Congratulations Jeff.  This is awesome, I hope it does really REALLY well and you can spend your days sitting on the beach sipping Margaritas.  

Remember when you're ready to go to work on that TV show, be sure to let me know.


----------



## tasunkawitko (Nov 18, 2009)

simple and very flavorful time-proven mop/sprtiz for pork and beef:

1 cup dr. pepper
2/3 cup low-sodium soy sauce
1/3 cup extra-virgin olive oil

blend together, put it in a spray bottle and spritz meat on all sides whenever you open the lid (which shouldn't be too often) to check on it, rotate etc. it is a good idea to blend the mop right before each use in order to emulsify the oil into the mixture.

-------------------

simple, very tasty finishing glaze (attributed to danny gaulden)

1/3 cup yellow mustard
1/3 cup dark brown sugar
1/3 cup apple cider vinegar

stir together over low heat on stovetop until everything is dissolved and wll-blended. cover and cool. brush on ribs or PPB just a few minutes before taking off the grate, then once more as they come off the grate.

---------------

both recipes above can be modified according to taste (ponzu rather than soy sauce, orange pop rather than dr. pepper, etc. - using ketchup rather than mustard in the finishing glaze provides a very nice application for barbecued beef items!)


----------



## tasunkawitko (Nov 18, 2009)

got so eager to provide those recipes above that i forgot to mention - this is an awesome project! congratulations and many, many thanks for including the members in the search!


----------



## TulsaJeff (Nov 19, 2009)

Thanks everyone.. keep 'em coming. Anything that you think is a prize winner is game.
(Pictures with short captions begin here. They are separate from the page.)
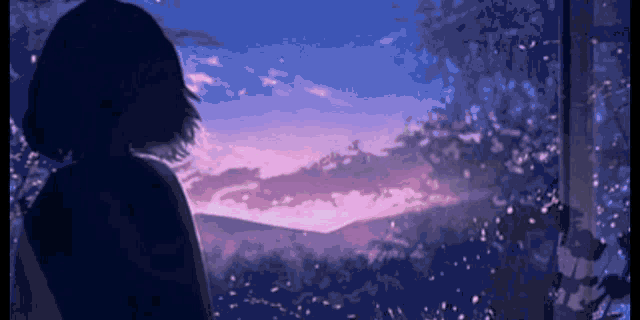 a silhouette of a girl looking out a window at a sunset .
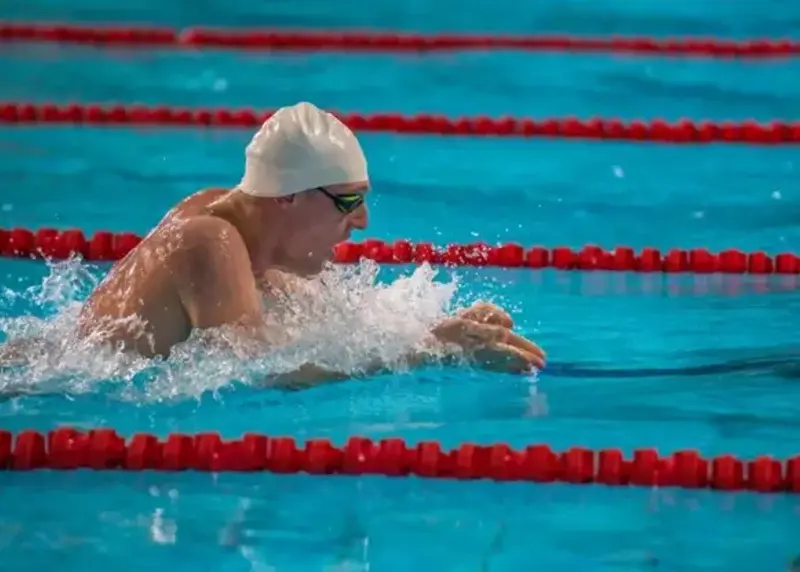 Man swimming breaststroke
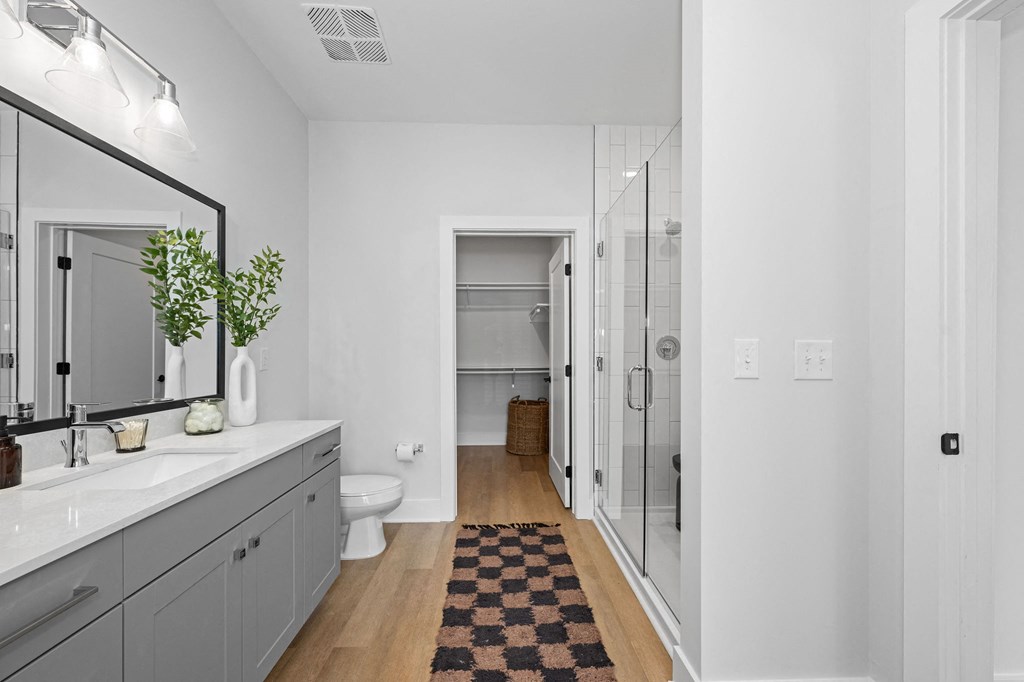 A bathroom with a checkered rug on the floor.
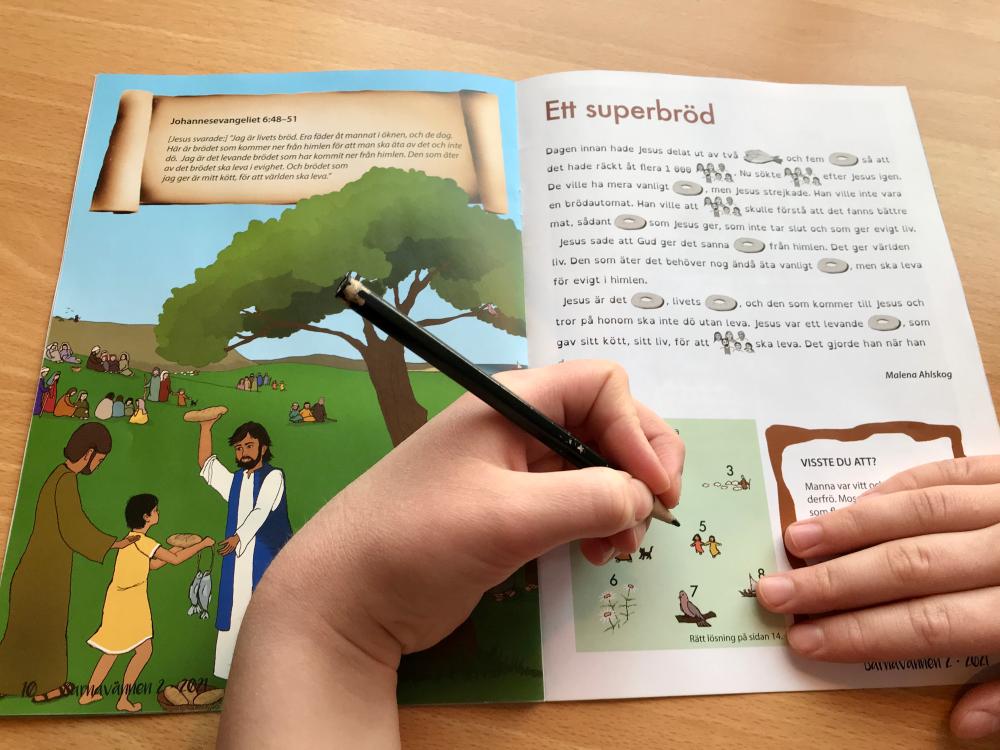 Hand som håller i en penna och gör uppgifter i en bok. Rubrik på uppslaget: ett superbröd.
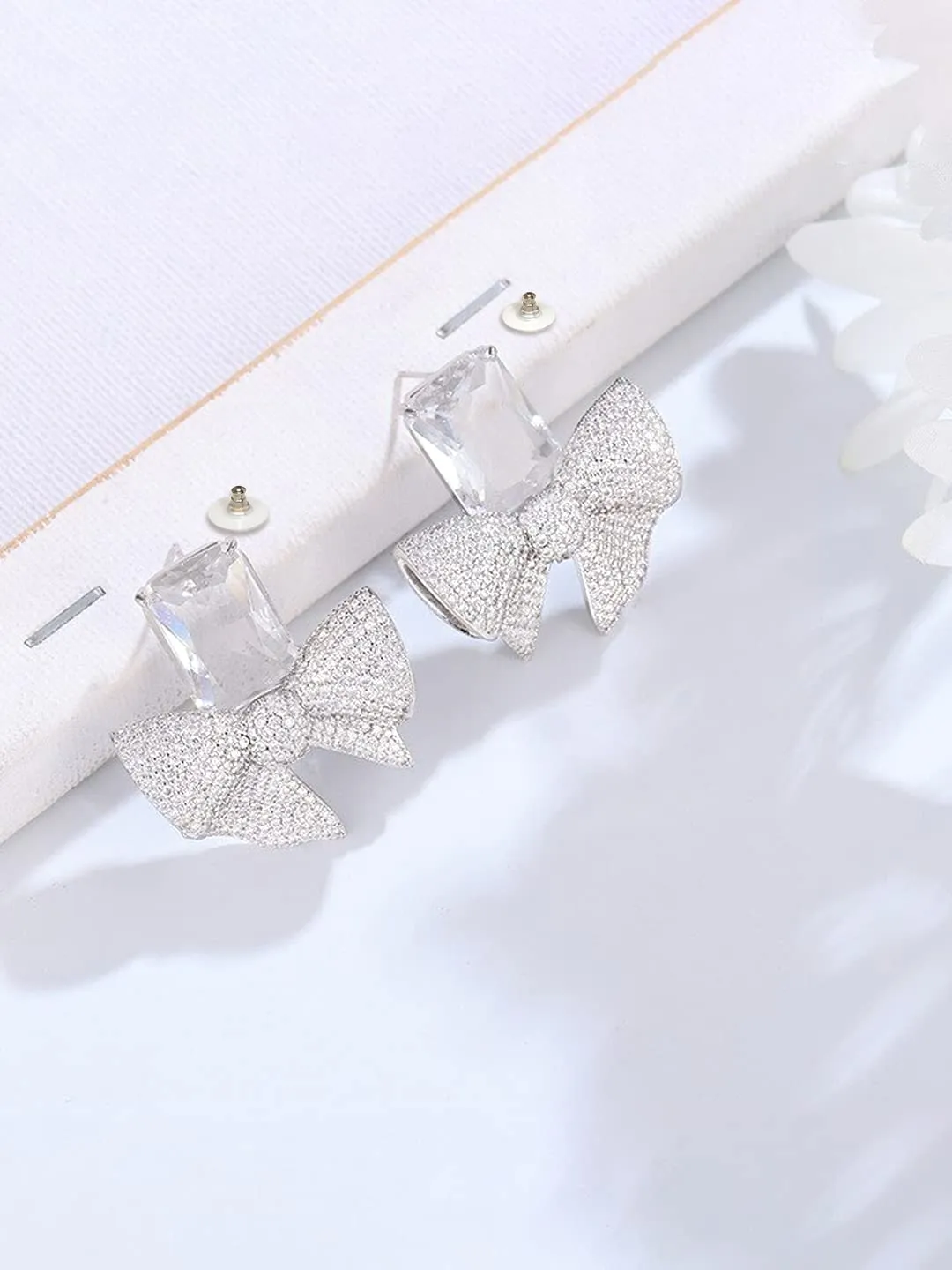 Yellow Chimes Earrings For Women Silver Tone Crystal Studded Bow Knot Shape Stud Earrings For Women and Girls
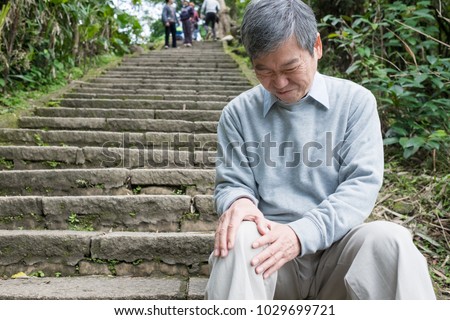 old man with knee problem in the moutain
Smoked pizza sounds great SilverWolf636, if you think it is great, I will give it a shot. Send it on


----------



## scarbelly (Nov 19, 2009)

Jeff 
Here is a Potato Salad that gets lots of good reviews
Good luck with the book

Gary’s Potato Salad

Serves 10 
Go the local deli and have them cut you one slice each of these meats. Each slice should be about the thickness of your little finger.

Soprasetta - these slices will be about 3” round
Hard Salami - you want the larger one about 3” round
Ham – this is going to be about a 3 X 4 “ hunk - cut this in half and save for another use

Cut these into small chunks then throw them into a food processer and fine chop into little pieces and set aside for assembly

10 small potatoes 
1/2 - 3/4 medium onion chopped ( depends on your taste)
Thawed frozen peas - green beans - white corn 2 cups combined - more corn and peas than green beans
Mayo to taste - 
Garlic Powder to taste
Salt to taste 
Pepper to taste

Boil the potatoes and save the water 
Cool the potatoes and the water until well chilled
Peel and cube the potatoes 

Assemble in layers

Add in the potatoes, onion, meat, veggies, mayo (large spoonful per layer), spices in layers and mix with your hands when done- add a little of the water for moisture - the potatoes are going to absorb a lot of the mayo and water - I start with 1/4 cup water before I add any additional mayo

Chill and taste after an hour or so and adjust mayo and seasonings. Chill for 3-4 hours


----------



## pigcicles (Nov 19, 2009)

And all OTBS members get a FREE copy of said book when it's written and printed right???


----------



## bmudd14474 (Nov 19, 2009)

I second this


----------



## meat hunter (Nov 19, 2009)

Sounds like a great deal Jeff, congratulations. I only wish I could contribute to it, but you know, still in the learning stages here. Will for sure get a copy of it when it comes out. Just keep us posted. 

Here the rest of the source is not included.